Select Car Leasing Stadium, Behind East Stand

My Piece of Reading FC Memorabilia – the Network SouthEast Cardkey

Looking back, football in the 1980s was largely incidental to what else was going on in my life. This was quite normal, not just for me, but for pretty much all my friends and acquaintances. We would go to football only if we didn’t get a better offer. Not for me the all-day 10-pint binge of a Saturday that seems to be de facto these days (to be fair I have never been able drink 10 pints).

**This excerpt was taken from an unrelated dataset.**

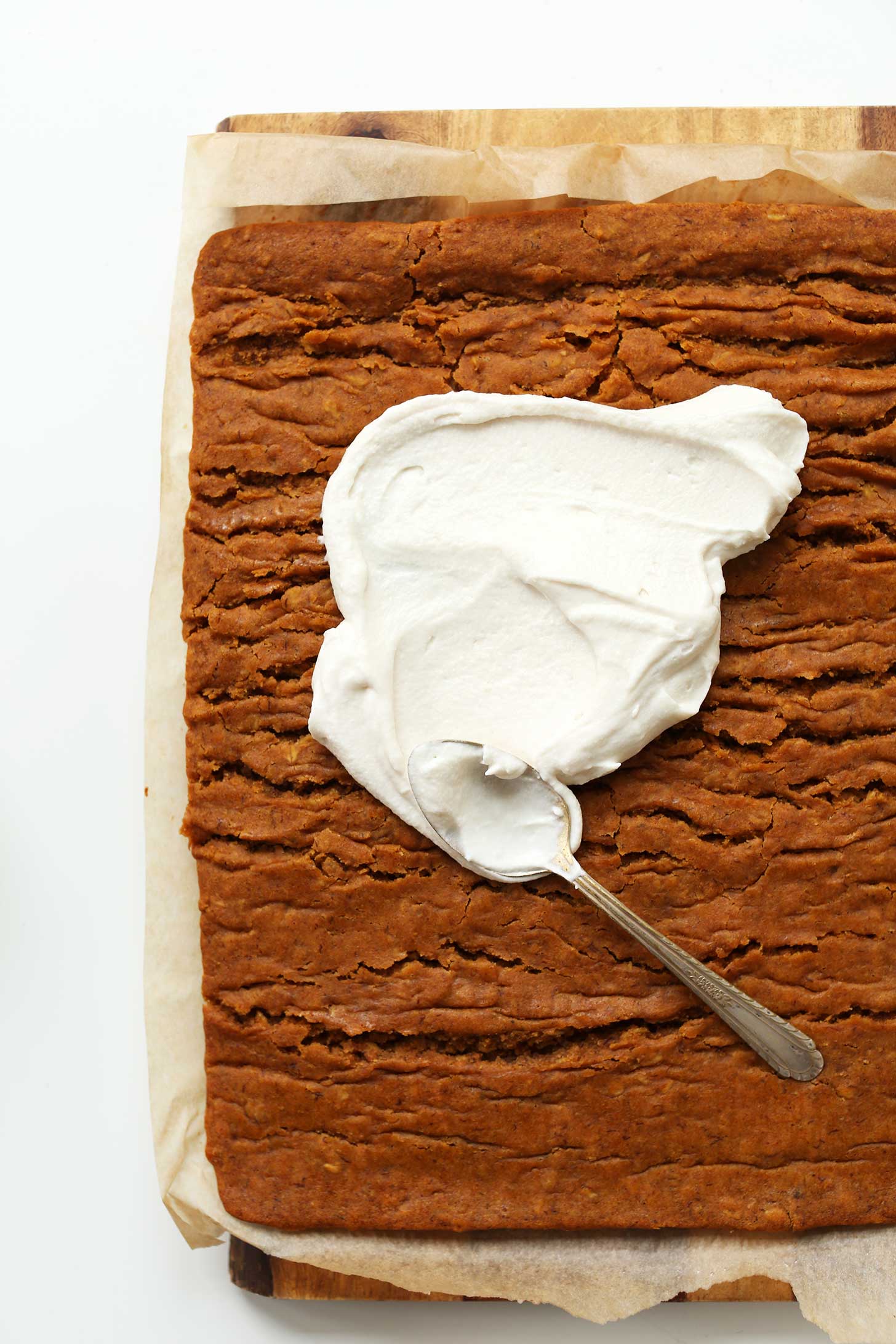 Adding layer of filling for our Vegan Gluten-Free Pumpkin Roll recipe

It was far more a last-minute decision to go, park in Tilehurst Road at 2:50, into the South Bank by 2:59, see who else was there, and home again by 5:30. No need for season tickets in those days, cash on the door.

And yet the drama the decade produced for our club was unprecedented. All Maurice Evans’ good work undone by 1983 under the spectre of Maxwell’s “merger”; Branfoot’s record-breaking start in 1985; a first promotion to the second tier in 60 years; an actual cup win at Wembley; the inevitable relegation back to square one to end the decade.

Still, in football terms, the 1980s are generally remembered for the negatives. A fan’s death at Birmingham in a riot on the same day as the Bradford City fire. For the all-conquering Liverpool team, think Heysel and, inevitably, Hillsborough, at that time assumed to have been caused by hooliganism. Football had to change, or eventually die. And that change, it turned out, was to be imposed, not by the police or football authorities, but by the government itself.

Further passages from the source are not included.